Book Read Free

Into the Crossfire

Page 26

by Lisa Marie Rice


  Mike started up the vehicle and pulled out fast. She looked up to see Sam watching her, twisted in his seat, thick arm over the back.

  She stroked around the ugly slash in her father’s cheek and met Sam’s eyes. “I hate that man so much,” she said, voice low. “I wish he were alive so I could kill him again. Blow his head apart. Cut his black heart right out with your knife.”

  She meant every word and it surprised the hell out of her. If anyone had asked, she’d have assured them that she was tolerant and profoundly nonviolent. The feelings that coursed through her were utterly new, unwelcome, fierce.

  She wished with all her heart that she’d been the one to kill the two men.

  The men had been so brutal to her father, a helpless and sick man. They’d even tied him up, put his hands in restraints. Slashed his face open. It hurt her heart to think of it.

  And they had been perfectly willing to kill both of them to keep a secret. “I need to try to find out what they were looking for,” she told Sam.

  He nodded. “We’re vulnerable until we know.”

  The back of the driver’s seat held a pull-down tray, like on airplanes. She placed the intruder’s laptop on it, powered it up, and inserted her hard disk.

  In seconds, Outlook was open. She blocked out everything from her mind. The shock of nearly dying, her father, Sam…In seconds she was in that place where she lived when doing translations, a place of no distractions and utter concentration.

  She checked the files that had arrived between June 27 and June 29. Luckily, all in languages with a Latin alphabet. French, German, Spanish, Italian. She knew enough German and Italian to understand the topics of the texts. She went over every single file, one by one.

  Nothing. They were perfectly innocuous. All of them.

  “Anything?” Sam asked quietly.

  Nicole met his eyes.

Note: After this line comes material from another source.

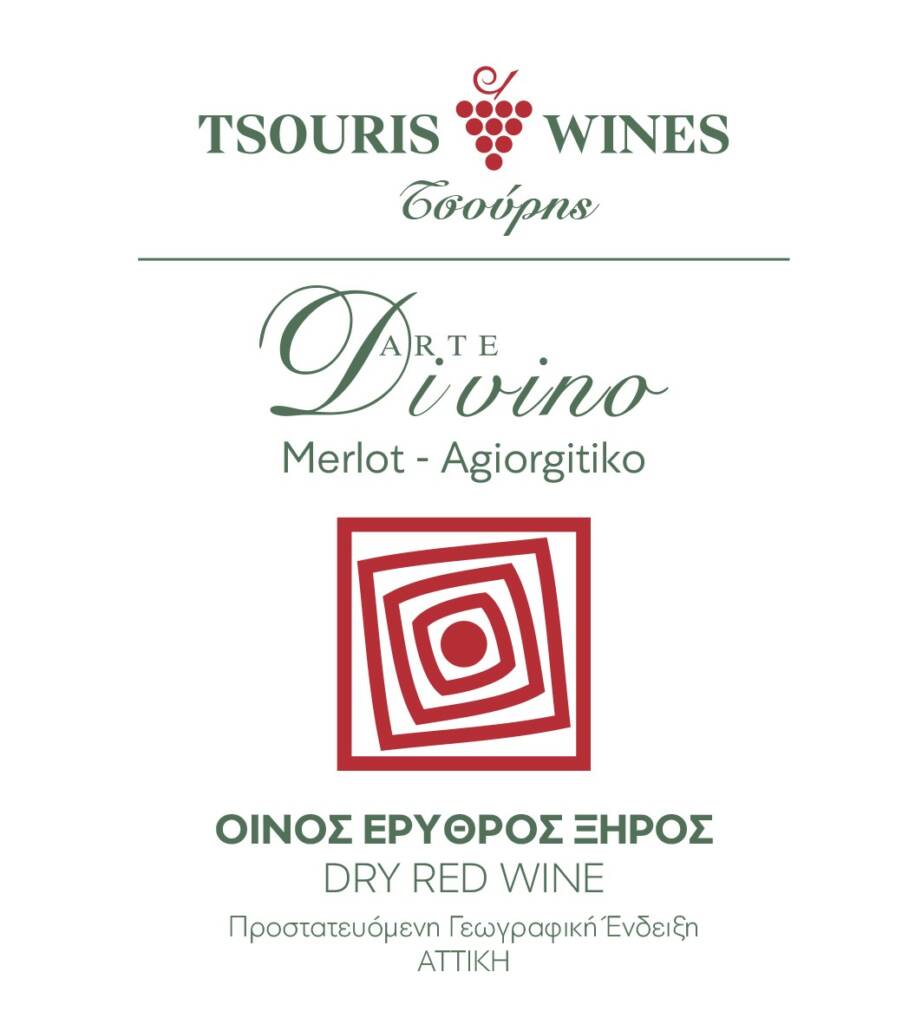thumbnail_arte_divino_merlot_agiorgitiko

She shook her head, frustrated, went back to staring at the screen. “Nothing.”

  “Leave it,” Sam suggested. “Come back to it later, with a fresh mind. You’ve been traumatized, maybe you’re not seeing it.”

  She’d been traumatized, that was for sure, but not enough that she’d miss something important. She knew these files. Each file was from a customer she’d had for at least six months. One customer—the Port Authority of Marseilles—she’d had for years.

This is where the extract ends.